Assignment
Each record that comes next should be output exactly; pictures do not belong in the copy.

Records excerpted from a collection
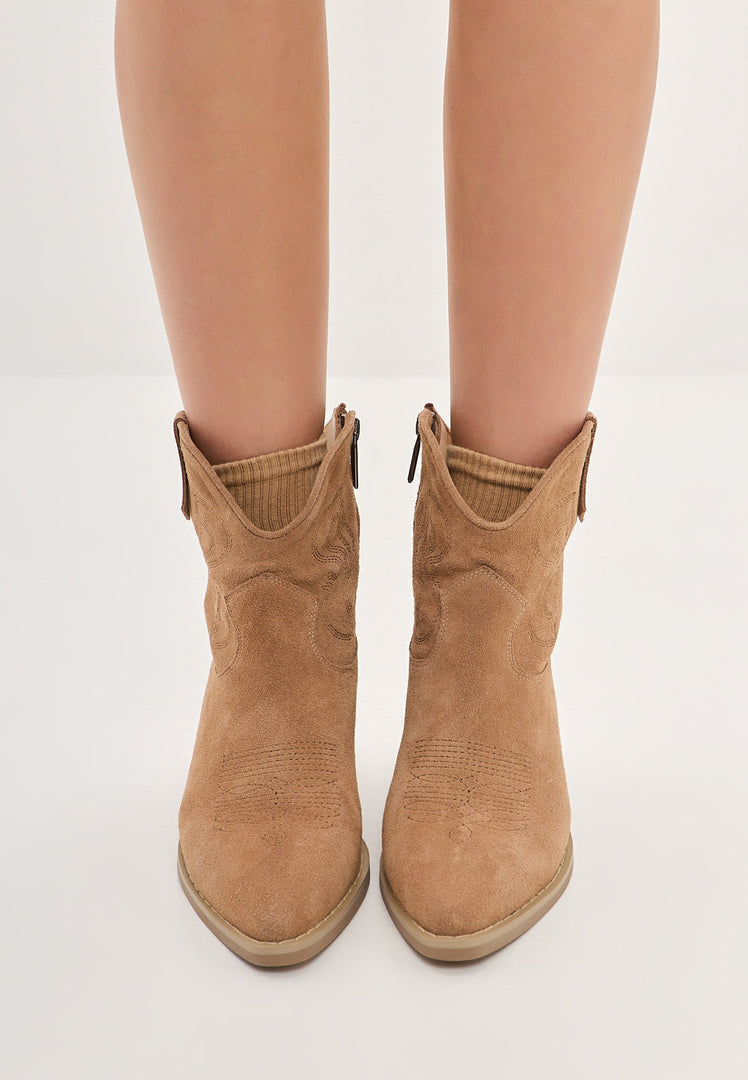 A pair of stylish women's suede cowboy boots in Natalie brown color, perfect for adding a touch of Western style to your cowgirl fashion wardrobe.
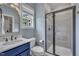 Stylish bathroom with a modern vanity, sleek shower, and natural light streaming through the window at 2300 Ginger Gold Court, Apex, NC 27539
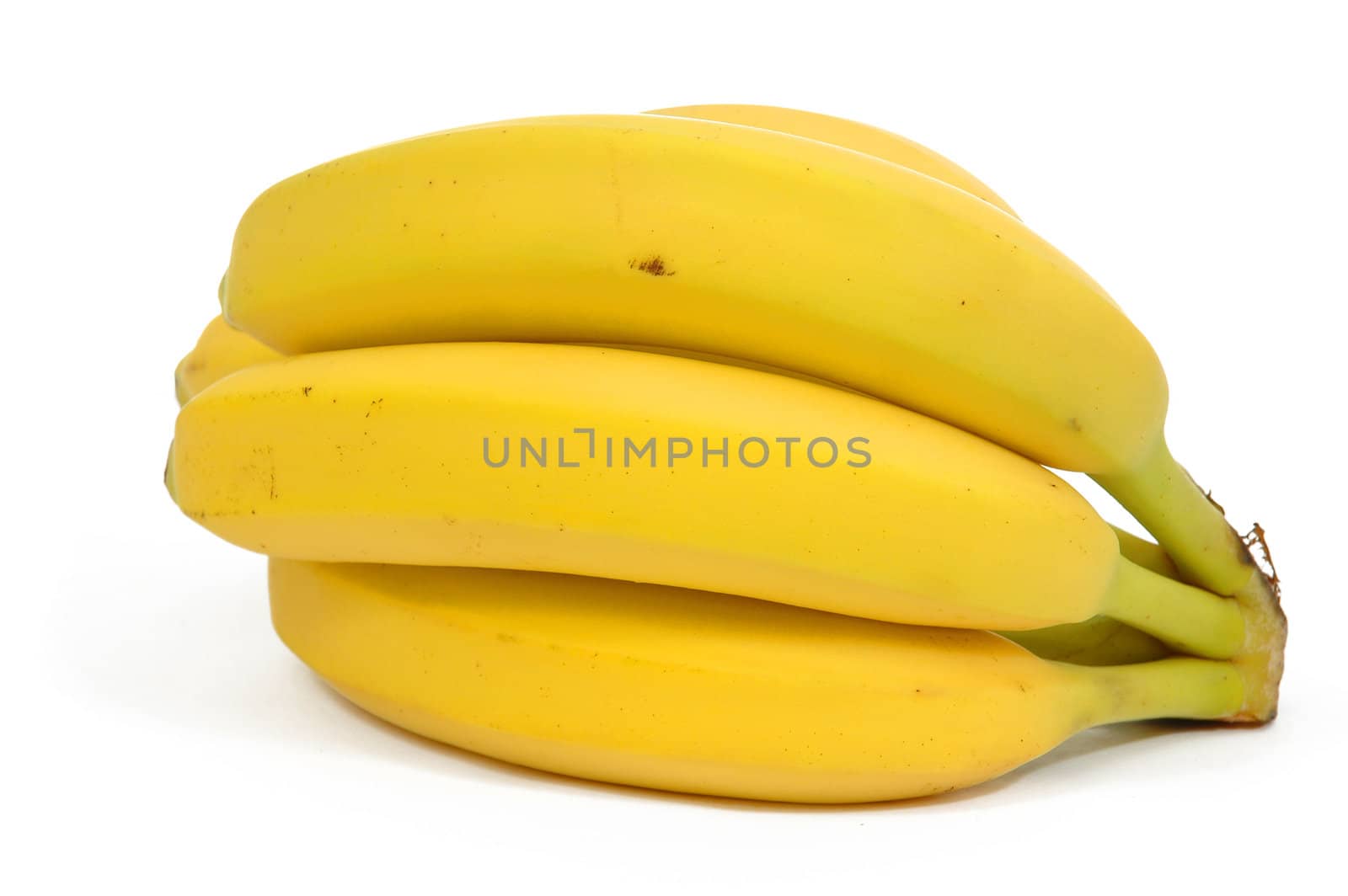 Yellow bananas in a bunch. The bananas are taken on a clrean white background.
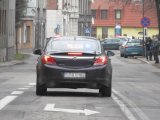 Na fotografii widać drogę, po której jedzie nieoznakowany radiowóz policyjny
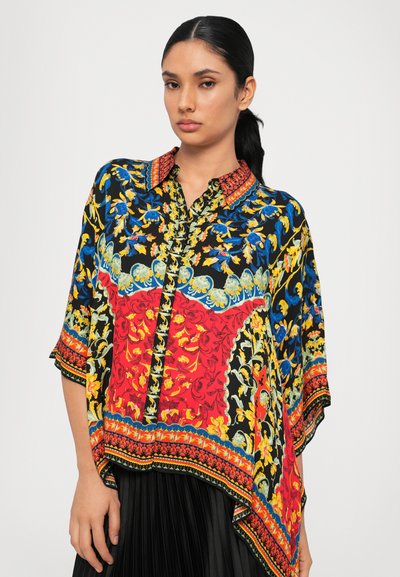 Colorful blouse featuring floral patterns in blue, yellow, and red on black fabric, with a patterned collar and loose, flowing design.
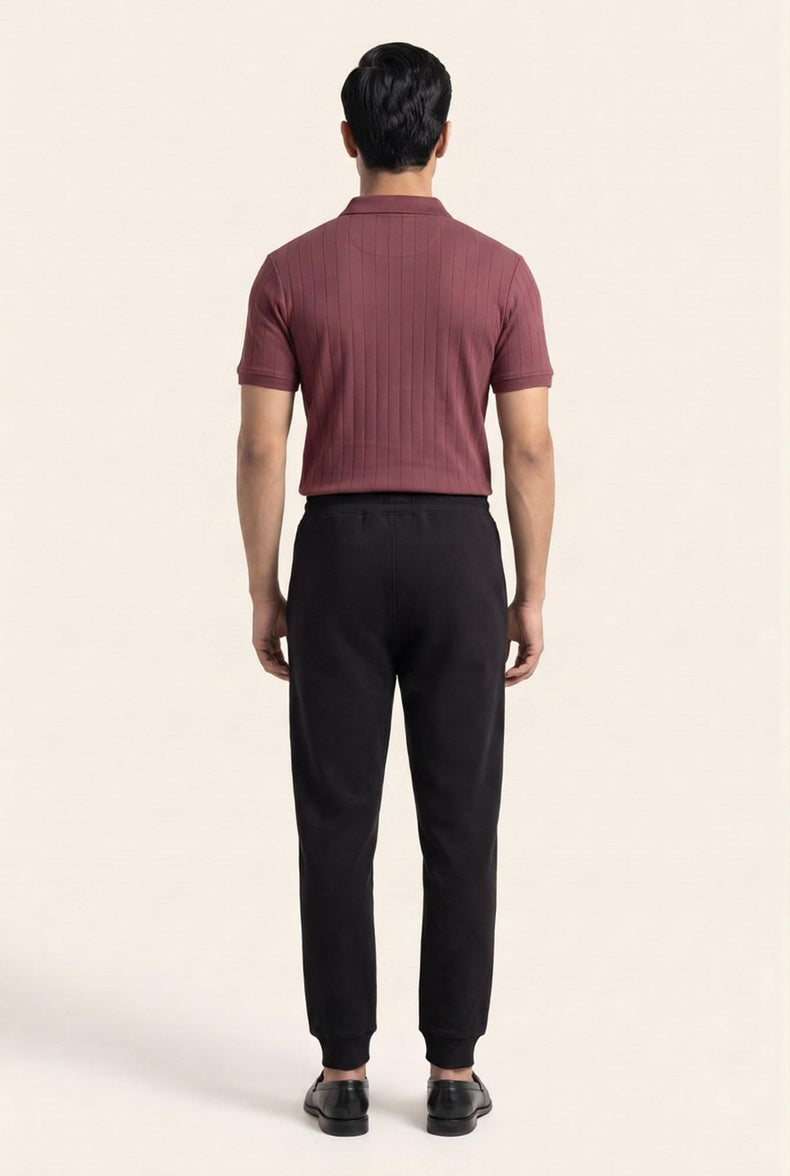 Man wearing burgundy ribbed polo shirt and black joggers, back view — modern men's casual wear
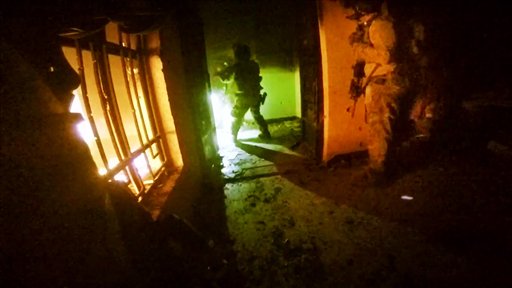 This image made from video taken on Thursday Oct. 22 2015 from a helmet camera shows U.S. and Iraqi special forces freeing hostages from a prison controlled by Islamic State militants in the town of Huwija 15 kilometers west of the Iraqi cit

Task result
 A pair of stylish women's suede cowboy boots in Natalie brown color, perfect for adding a touch of Western style to your cowgirl fashion wardrobe.
 Stylish bathroom with a modern vanity, sleek shower, and natural light streaming through the window at 2300 Ginger Gold Court, Apex, NC 27539
 Yellow bananas in a bunch. The bananas are taken on a clrean white background.
 Na fotografii widać drogę, po której jedzie nieoznakowany radiowóz policyjny
 Colorful blouse featuring floral patterns in blue, yellow, and red on black fabric, with a patterned collar and loose, flowing design.
 Man wearing burgundy ribbed polo shirt and black joggers, back view — modern men's casual wear
 This image made from video taken on Thursday Oct. 22 2015 from a helmet camera shows U.S. and Iraqi special forces freeing hostages from a prison controlled by Islamic State militants in the town of Huwija 15 kilometers west of the Iraqi cit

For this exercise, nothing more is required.